RECORDS TO PROCESS: Begin
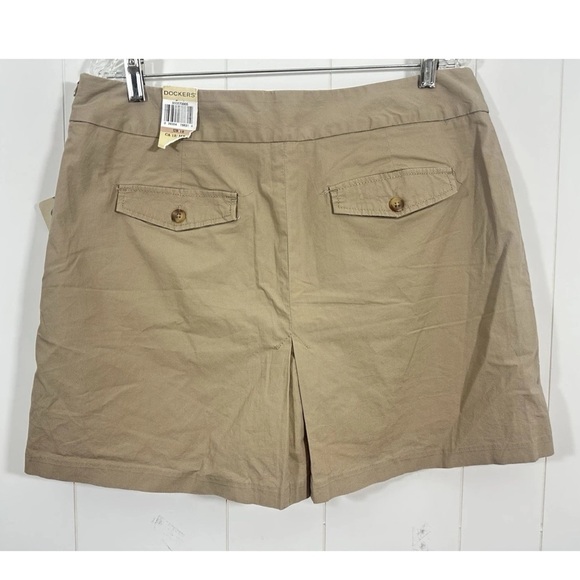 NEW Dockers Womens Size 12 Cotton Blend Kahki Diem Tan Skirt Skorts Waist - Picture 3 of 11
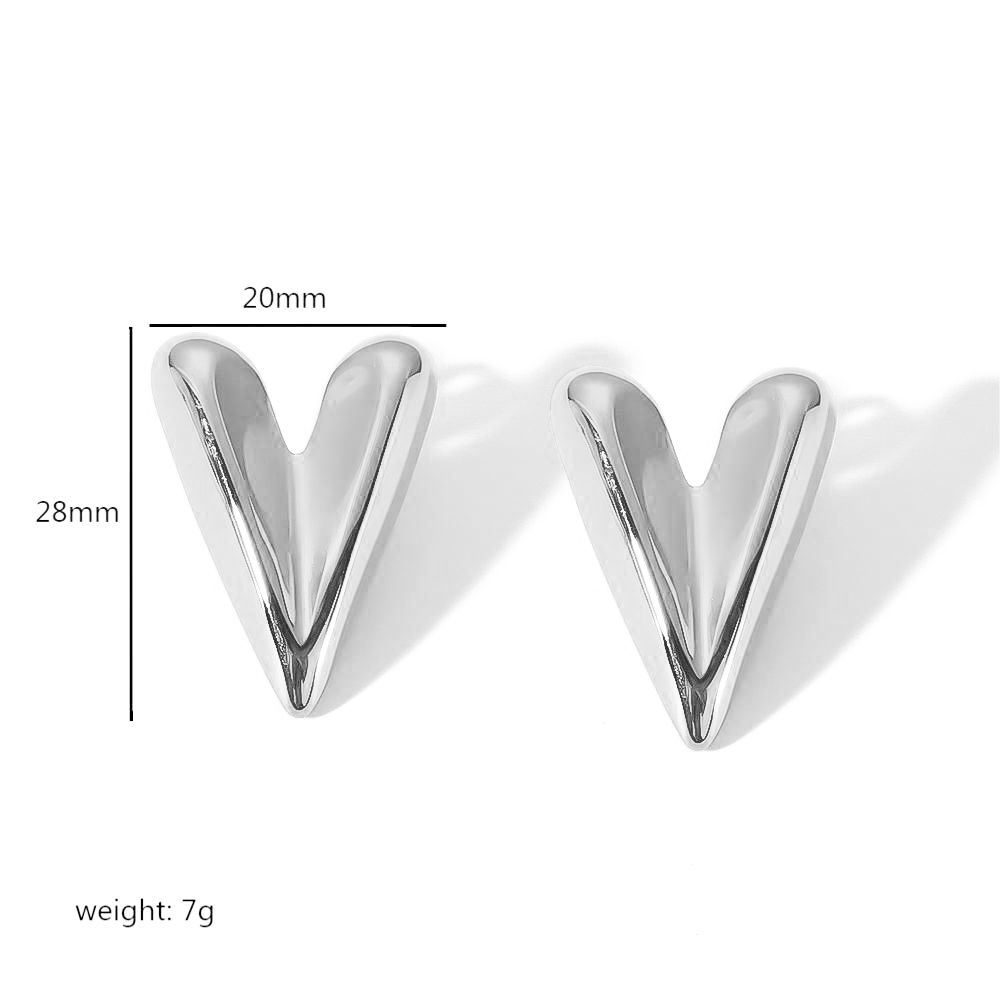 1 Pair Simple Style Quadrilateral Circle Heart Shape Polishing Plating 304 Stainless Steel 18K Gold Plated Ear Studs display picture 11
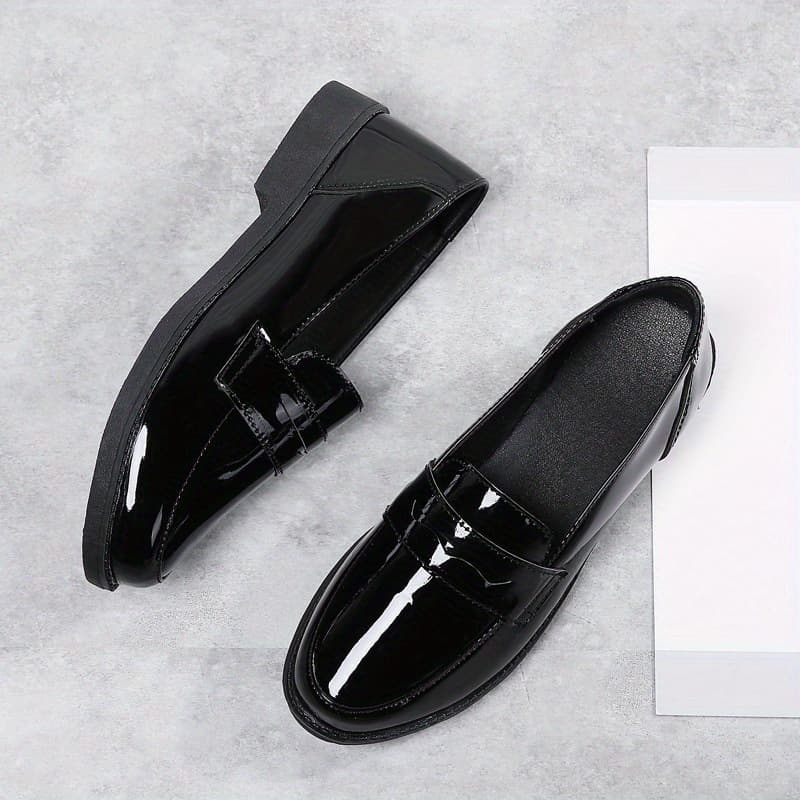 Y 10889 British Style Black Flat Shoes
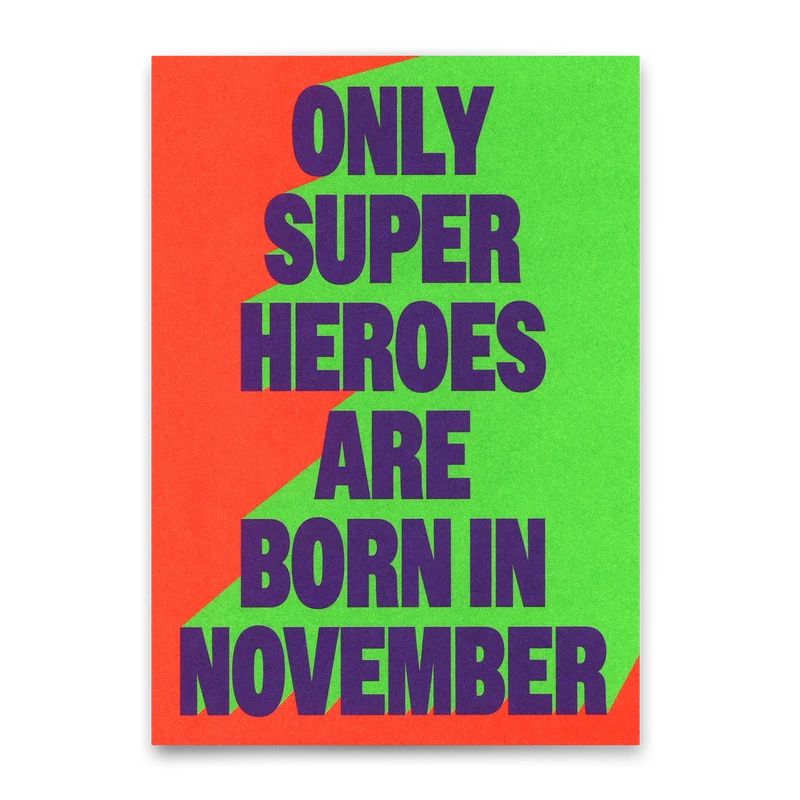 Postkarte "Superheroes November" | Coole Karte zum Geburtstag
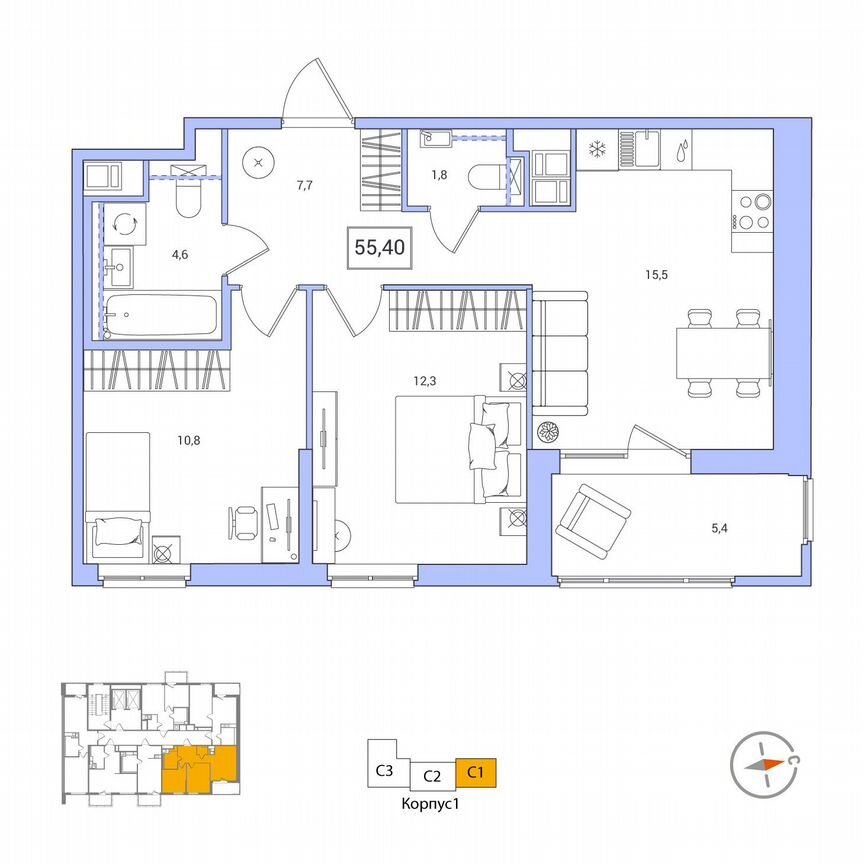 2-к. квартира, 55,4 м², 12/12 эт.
RECORDS TO PROCESS: End
* **TASK REQUIREMENTS**:
Please transcribe the listing above verbatim and exclude every picture.

* **SOLUTION**:
 NEW Dockers Womens Size 12 Cotton Blend Kahki Diem Tan Skirt Skorts Waist - Picture 3 of 11
 1 Pair Simple Style Quadrilateral Circle Heart Shape Polishing Plating 304 Stainless Steel 18K Gold Plated Ear Studs display picture 11
 Y 10889 British Style Black Flat Shoes
 Postkarte "Superheroes November" | Coole Karte zum Geburtstag
 2-к. квартира, 55,4 м², 12/12 эт.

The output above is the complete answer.